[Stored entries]
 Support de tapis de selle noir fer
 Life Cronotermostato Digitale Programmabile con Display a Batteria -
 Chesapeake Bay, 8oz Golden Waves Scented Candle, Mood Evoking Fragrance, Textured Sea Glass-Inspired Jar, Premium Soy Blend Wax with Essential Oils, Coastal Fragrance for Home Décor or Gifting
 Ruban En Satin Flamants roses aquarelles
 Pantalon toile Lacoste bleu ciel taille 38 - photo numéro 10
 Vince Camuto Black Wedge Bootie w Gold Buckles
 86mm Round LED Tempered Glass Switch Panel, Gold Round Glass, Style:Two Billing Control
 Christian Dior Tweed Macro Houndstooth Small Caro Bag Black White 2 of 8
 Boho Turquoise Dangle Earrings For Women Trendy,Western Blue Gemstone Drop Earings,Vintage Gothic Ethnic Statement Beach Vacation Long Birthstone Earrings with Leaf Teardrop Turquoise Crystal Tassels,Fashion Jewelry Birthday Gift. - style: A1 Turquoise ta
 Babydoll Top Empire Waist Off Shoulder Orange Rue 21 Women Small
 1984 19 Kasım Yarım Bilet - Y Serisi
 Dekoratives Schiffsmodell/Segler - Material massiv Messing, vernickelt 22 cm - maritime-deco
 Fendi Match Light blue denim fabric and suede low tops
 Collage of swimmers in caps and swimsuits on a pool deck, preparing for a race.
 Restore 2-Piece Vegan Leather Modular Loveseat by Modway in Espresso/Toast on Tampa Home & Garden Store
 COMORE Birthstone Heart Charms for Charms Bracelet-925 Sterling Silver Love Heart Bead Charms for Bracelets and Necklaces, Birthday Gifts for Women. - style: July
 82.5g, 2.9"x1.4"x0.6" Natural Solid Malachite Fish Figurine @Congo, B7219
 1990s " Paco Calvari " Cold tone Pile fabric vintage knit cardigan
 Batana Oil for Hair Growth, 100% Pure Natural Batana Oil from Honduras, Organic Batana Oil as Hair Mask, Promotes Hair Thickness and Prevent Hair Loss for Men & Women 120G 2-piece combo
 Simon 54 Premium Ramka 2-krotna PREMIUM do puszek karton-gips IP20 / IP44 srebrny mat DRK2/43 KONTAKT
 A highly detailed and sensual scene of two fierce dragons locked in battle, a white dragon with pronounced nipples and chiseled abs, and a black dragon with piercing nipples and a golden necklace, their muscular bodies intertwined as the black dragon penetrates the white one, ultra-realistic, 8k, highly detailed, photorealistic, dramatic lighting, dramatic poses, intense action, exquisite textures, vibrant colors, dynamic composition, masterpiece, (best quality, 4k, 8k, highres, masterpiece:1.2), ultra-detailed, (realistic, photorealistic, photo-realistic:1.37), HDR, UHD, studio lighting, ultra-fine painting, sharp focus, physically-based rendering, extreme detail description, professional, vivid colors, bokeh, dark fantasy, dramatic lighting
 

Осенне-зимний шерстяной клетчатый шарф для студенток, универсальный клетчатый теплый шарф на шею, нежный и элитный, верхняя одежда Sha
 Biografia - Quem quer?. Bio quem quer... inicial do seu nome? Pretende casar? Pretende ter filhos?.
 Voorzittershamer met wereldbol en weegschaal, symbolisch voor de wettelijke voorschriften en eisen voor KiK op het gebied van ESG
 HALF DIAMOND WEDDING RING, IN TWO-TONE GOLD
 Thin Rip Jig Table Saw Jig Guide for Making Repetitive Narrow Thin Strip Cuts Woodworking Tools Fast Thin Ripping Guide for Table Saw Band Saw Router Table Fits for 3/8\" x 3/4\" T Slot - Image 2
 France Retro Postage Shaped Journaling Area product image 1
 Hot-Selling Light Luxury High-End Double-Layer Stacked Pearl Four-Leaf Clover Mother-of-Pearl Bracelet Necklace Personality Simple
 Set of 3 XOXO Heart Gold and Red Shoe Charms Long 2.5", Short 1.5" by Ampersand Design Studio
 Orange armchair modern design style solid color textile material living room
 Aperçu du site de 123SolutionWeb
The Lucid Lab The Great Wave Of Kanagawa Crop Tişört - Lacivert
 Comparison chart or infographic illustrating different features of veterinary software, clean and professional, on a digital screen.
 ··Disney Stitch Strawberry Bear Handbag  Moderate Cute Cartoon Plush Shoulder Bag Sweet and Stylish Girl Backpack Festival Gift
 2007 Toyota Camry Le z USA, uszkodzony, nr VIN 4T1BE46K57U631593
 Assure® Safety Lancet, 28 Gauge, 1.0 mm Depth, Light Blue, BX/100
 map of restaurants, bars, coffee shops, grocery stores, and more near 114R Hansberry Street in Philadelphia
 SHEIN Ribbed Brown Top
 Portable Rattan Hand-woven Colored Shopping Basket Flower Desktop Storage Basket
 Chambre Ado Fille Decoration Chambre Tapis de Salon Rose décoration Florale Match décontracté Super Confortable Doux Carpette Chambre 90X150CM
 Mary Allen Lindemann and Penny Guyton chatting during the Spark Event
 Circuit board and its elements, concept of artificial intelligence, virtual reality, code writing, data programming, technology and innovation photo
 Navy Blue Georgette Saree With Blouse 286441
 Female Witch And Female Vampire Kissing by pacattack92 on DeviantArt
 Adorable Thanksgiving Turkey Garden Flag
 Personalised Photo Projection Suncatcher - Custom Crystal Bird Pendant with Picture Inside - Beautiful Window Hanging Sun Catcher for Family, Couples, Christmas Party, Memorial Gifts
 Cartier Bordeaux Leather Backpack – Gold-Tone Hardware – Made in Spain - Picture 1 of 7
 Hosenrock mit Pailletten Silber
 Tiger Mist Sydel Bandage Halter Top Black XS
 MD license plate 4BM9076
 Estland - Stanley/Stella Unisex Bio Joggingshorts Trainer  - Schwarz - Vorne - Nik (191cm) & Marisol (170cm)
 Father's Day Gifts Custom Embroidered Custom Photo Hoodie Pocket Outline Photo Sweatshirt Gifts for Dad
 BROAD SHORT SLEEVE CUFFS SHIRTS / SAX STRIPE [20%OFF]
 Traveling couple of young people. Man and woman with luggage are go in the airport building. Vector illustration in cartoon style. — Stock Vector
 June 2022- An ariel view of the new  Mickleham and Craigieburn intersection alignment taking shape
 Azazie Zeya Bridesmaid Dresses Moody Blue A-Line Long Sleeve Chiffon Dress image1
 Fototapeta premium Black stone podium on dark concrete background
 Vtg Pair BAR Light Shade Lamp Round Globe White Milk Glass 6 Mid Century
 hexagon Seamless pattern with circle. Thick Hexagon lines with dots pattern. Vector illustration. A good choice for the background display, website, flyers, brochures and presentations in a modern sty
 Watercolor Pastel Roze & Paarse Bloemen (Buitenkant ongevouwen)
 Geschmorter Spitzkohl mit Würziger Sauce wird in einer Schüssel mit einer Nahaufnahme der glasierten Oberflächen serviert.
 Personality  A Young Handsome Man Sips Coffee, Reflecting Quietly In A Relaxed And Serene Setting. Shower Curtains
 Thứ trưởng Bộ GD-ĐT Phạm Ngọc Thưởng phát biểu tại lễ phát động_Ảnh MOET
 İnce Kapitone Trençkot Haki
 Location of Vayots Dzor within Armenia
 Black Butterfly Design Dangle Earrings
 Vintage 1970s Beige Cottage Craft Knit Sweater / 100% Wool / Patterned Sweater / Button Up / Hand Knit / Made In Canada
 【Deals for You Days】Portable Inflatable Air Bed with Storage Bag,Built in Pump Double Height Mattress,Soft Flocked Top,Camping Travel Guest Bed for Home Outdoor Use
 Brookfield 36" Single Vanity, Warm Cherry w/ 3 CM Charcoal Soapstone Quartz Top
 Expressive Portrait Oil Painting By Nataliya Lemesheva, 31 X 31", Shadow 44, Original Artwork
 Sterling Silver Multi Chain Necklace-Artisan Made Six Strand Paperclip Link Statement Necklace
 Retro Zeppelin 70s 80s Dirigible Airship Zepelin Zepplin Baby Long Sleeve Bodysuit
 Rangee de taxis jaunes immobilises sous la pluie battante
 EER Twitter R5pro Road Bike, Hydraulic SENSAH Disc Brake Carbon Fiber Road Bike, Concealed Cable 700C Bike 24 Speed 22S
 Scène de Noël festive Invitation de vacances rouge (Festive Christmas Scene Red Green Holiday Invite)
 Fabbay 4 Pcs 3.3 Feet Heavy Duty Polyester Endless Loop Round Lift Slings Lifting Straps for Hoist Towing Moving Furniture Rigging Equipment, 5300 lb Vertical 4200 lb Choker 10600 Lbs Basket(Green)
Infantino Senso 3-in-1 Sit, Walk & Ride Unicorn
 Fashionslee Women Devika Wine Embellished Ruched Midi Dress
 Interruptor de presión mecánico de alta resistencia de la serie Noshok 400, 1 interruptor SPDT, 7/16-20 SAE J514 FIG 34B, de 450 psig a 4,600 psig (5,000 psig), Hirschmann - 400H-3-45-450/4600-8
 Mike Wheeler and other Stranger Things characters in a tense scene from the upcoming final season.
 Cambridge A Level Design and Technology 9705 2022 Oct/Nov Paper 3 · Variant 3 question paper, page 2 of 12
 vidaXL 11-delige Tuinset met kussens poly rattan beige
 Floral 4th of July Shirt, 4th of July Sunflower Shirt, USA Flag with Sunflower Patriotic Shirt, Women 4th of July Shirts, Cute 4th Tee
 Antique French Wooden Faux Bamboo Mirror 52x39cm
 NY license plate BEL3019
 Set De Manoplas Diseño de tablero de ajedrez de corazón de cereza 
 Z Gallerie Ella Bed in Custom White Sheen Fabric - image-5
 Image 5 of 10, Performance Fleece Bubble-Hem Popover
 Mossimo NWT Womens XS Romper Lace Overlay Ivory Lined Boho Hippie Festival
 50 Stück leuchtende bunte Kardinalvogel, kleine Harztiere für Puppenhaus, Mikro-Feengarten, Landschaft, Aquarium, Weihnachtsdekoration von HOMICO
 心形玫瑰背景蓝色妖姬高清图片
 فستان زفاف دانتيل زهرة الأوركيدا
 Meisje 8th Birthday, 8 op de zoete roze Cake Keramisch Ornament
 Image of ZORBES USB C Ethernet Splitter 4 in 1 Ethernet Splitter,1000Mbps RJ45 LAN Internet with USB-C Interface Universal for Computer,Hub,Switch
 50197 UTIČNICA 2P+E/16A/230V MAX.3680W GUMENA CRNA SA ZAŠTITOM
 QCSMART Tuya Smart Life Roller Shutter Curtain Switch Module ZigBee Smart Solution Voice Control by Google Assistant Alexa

* **ASSIGNMENT**: Search the data for "Festival". Copy every matching line.

* **OUTPUT FOR THIS EXERCISE**:
 ··Disney Stitch Strawberry Bear Handbag  Moderate Cute Cartoon Plush Shoulder Bag Sweet and Stylish Girl Backpack Festival Gift
 Mossimo NWT Womens XS Romper Lace Overlay Ivory Lined Boho Hippie Festival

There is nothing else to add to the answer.